I like the part of Loic's strategy where we can do a search for 
different repair scenarios and choose the one that minimizes the cost 
(in terms of IO or CPU or whatever).  If it can express the xorbas-style 
code with an implied block, than I suspect we would want to do something 
similar internally anyway.

In any case, being able to simply say l=... would definitely be a win.

sage


> 
> Cheers Andreas.
> 
> ________________________________________
> From: ceph-devel-owner@xxxxxxxxxxxxxxx [ceph-devel-owner@xxxxxxxxxxxxxxx] on behalf of Loic Dachary [loic@xxxxxxxxxxx]
> Sent: 01 August 2014 15:14
> To: Andreas Joachim Peters; ceph-devel@xxxxxxxxxxxxxxx
> Subject: Re: Simplified LRC in CEPH
> 
> Hi Andreas,
> 
> It probably is just what we need. Although https://github.com/ceph/ceph/pull/1921 is more flexible in terms of chunk placement, I can't think of a use case where it would actually be useful. Maybe it's just me being back from hollidays but it smells like a solution to a non existent problem ;-) The other difference is that your proposal does not allow for nested locality. I.e. datacenter locality and rack locality within a datacenter, for instance. What do you think ?
> 
> Cheers
> 
> On 01/08/2014 18:29, Andreas Joachim Peters wrote:
> > Hi Loic,
> >
> >> It would, definitely.

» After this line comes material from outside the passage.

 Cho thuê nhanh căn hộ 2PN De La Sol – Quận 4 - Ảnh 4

How would you control where data / parity chunks are located ?
> >
> > I ordered the chunks after encoding in this way:
> >
> > ( 1 2 3 4 LP1 ) ( 5 6 7 8 LP2 ) ( 9 10 11 12 LP3 ) ( 13 14 15 16 LP4 ) ( R2 R3 R4 LP5 )
> >
> > Always (k/l)+1 consecutive chunks belong location-wise together ...  and I demand that (k/l) <= m
> >
> > That is probably straight forward to express in a crush rule.
> >
> > Cheers Andreas.
> >
> > PS: just one correction, I wrote 'degree' but it is called the 'distance' of the code
> >
> > ________________________________________
> > From: Loic Dachary [loic@xxxxxxxxxxx]

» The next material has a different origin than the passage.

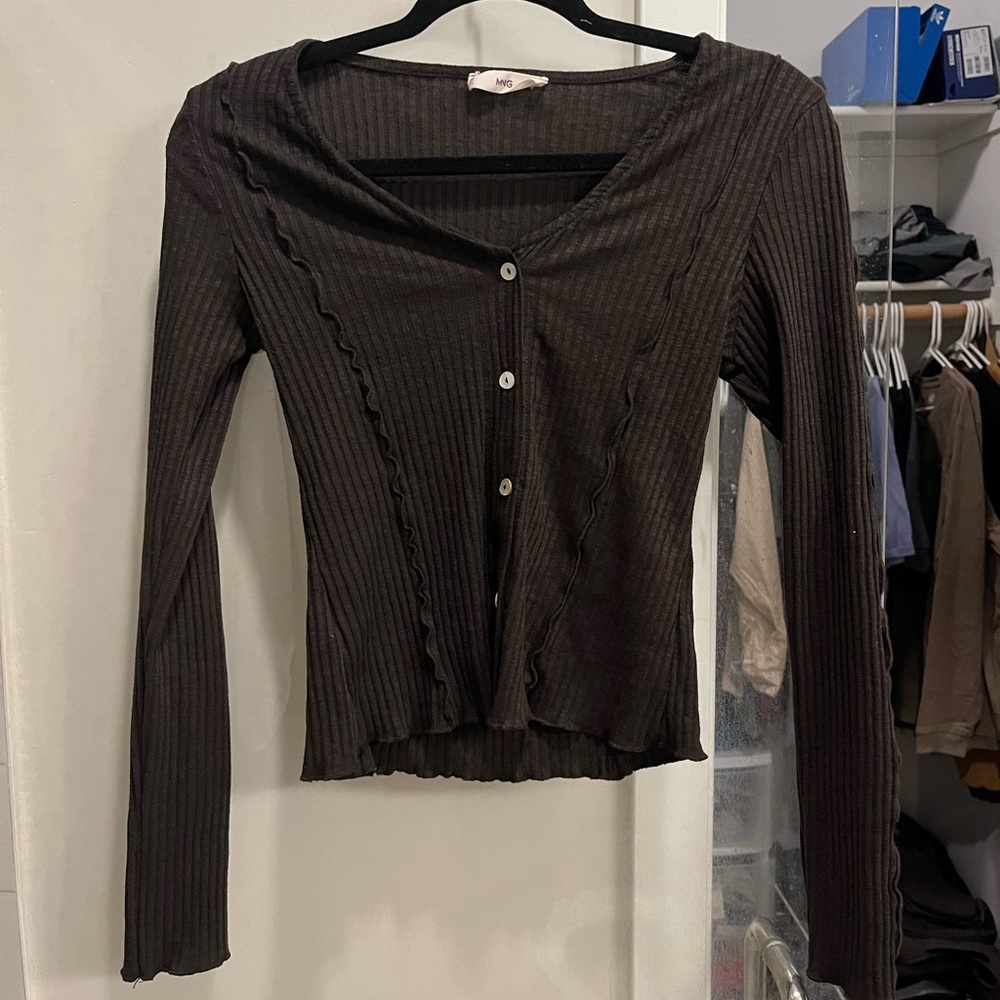 Mango longe sleeve brown top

> > Sent: 01 August 2014 14:32
> > To: Andreas Joachim Peters; ceph-devel@xxxxxxxxxxxxxxx
> > Subject: Re: Simplified LRC in CEPH
> >
> > Hi Andreas,
> >
> > Enlightening explanation, thank you !
> >
> > On 01/08/2014 13:45, Andreas Joachim Peters wrote:
> >> Hi Loic et. al.
> >>
> >> I managed to prototype (and understand) LRC encoding similiar to Xorbas in the ISA plug-in.
> >>
> >> As an example take a (16,4) code (which gives nice alignment for 4k blocks) :
> >>
> >> For 4 sub groups of the data chunks you build e.g. local parities LP1-LP4
> >>
> >> LP1 = 1 ^ 2 ^ 3 ^ 4
> >>
> >> LP2 = 5 ^ 6 ^ 7 ^ 8
> >>
> >> LP3 = 9 ^ 10 ^ 11 ^ 12
> >>
> >> LP4 = 13 ^ 14 ^ 15 ^ 16
> >>
> >> You do normal erasure encoding with 4 RS chunks:
> >>
> >> RS(1..16) = (R1, R2, R3, R4)
> >>
> >> You compute the local parity LP5 for the erasure chunks:
> >>
> >> LP5 = R1 ^ R2 ^ R3 ^ R4
> >>
> >> The relation which holds for Vandermonde matrices (because the first matrix row contains only 1's)
> >>
> >> LP1 ^ LP2 ^ LP3 ^ LP4 = R1
> >>
> >> So you need to store only 24 chunks (not 25):
> >>
> >> (1 .. 16) (R2,R3,R4) (LP1,LP2,LP3,LP4,LP5)
> >>
> >> Side remark: in this simplified explanation I imply R1, not LP5 as described in the Xorbas paper
> >
> > Does it make a difference or is it equivalent ?
> >
> >> The degree of the code is 5 e.g. you can construct a failure with 5 losses where you loose data, while if you are 'lucky' the code can even repair up to 8 failures (one loss in each sub group + LP5,R2,R3,R4).
> >>
> >> The reconstruction traffic for single failures is:
> >>
> >> [(20 x 4) + (4 x 8)]/24 =~ 4.66 x [disk size] instead of 16 x [disk size]
> >>
> >> There are three repair scenarios:
> >>
> >> 1) only single failures in any of the local groups using LRC repair (simple parities)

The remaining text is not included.